Saturday, January 30, 2010

Cookie Cutter

God is doing some amazing things in my life right now. He is knocking off my sharp edges, smoothing out rough spots, and molding me into the person He designed from the get go. Sometimes, we let this world pile up on us, and God Almighty takes the time to knock it off! I'm realizing how cookie cutter of a "church person" I had become...not totally...not all the time, but more than I cared to admit. Humans are products of their environment. So, when your environment is church, there is the possibility you will start playing a role...saying the right things...doing the right things...volunteering for the right things.

The only role playing God is interested in us playing is of Jesus Christ. That is one of the reasons Jesus came - to show us how to be sanctified in this crazy world. There was certainly nothing cookie cutter about Jesus Christ. He didn't befriend who society said He should. He certainly didn't avoid who society said He should. He met in churches (temple), homes, the beach. Jesus embodied love, compassion, incredible patience.
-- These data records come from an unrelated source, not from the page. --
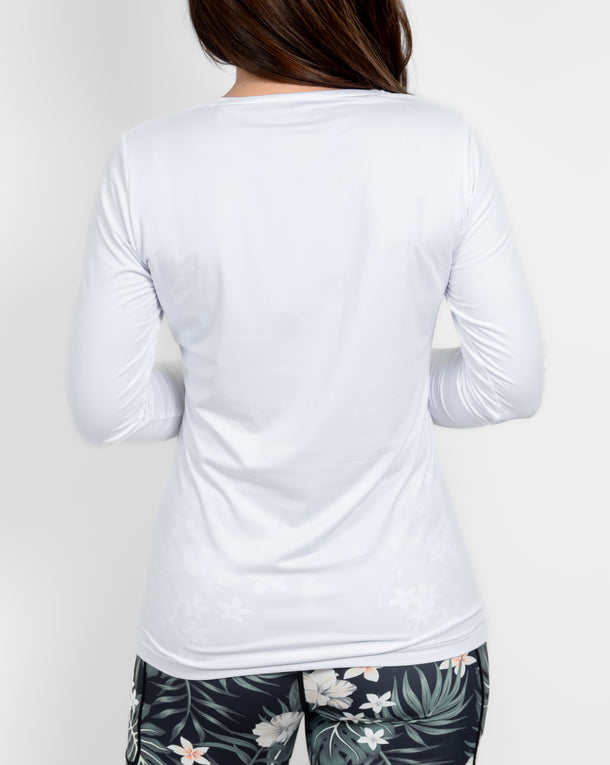 Mira Fitted White Long-Sleeve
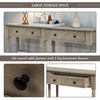 Console Table Sofa Table with Two Storage Drawers and Bottom Shelf  (Grey Wash)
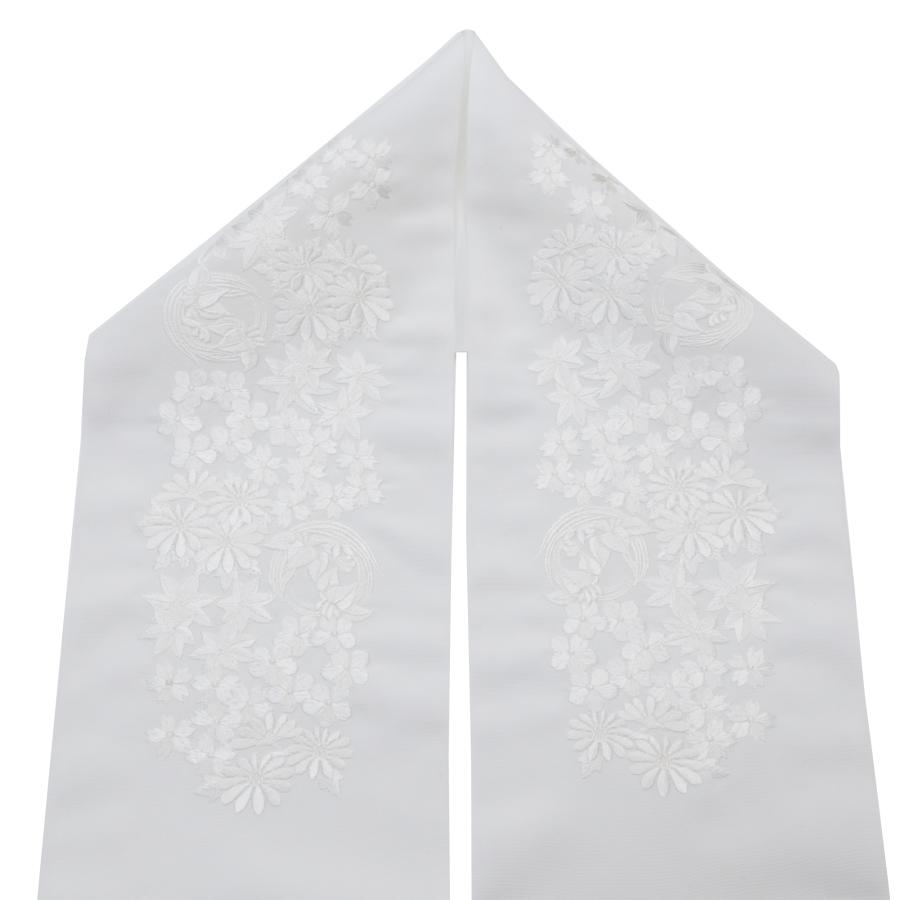 半衿 刺繍 振袖 袴 半襟 刺繍半襟 刺繍衿 白地 白刺繍 シンプル 花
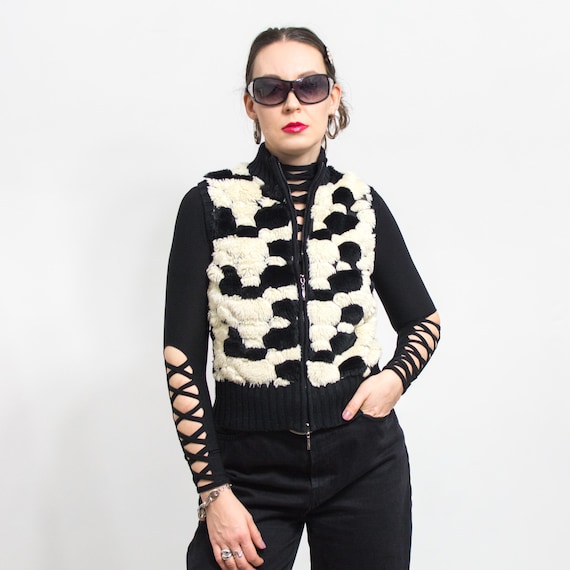 Vintage Merino Wool Sweater Vest Faux Fur XS/S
You know...God knows my heart. He knows when I don't want to pray. He knows when I don't want to praise Him. He knows how weak my faith is...in fact I am a creme puff!!! It does me no good to pretend to have faith I don't have or to give love I don't have. It's not about me. It's all about Him. Lord, I am who I am. You know me better than I know myself. I don't want to be cookie cutter. I want to admit where I am and be changed daily by You. I can be changed by Your Word, Your love, Your blessings, and Your lessons. I surrender all...again.

1 comment:

  1. This is good... it's way too easy to start being who people think you should be or do what you think you are suppose to be instead of just following His Spirit in us to be who and do what He wants!! It's easy to hide and then actually get lost in the "supposed to"s/"should"s!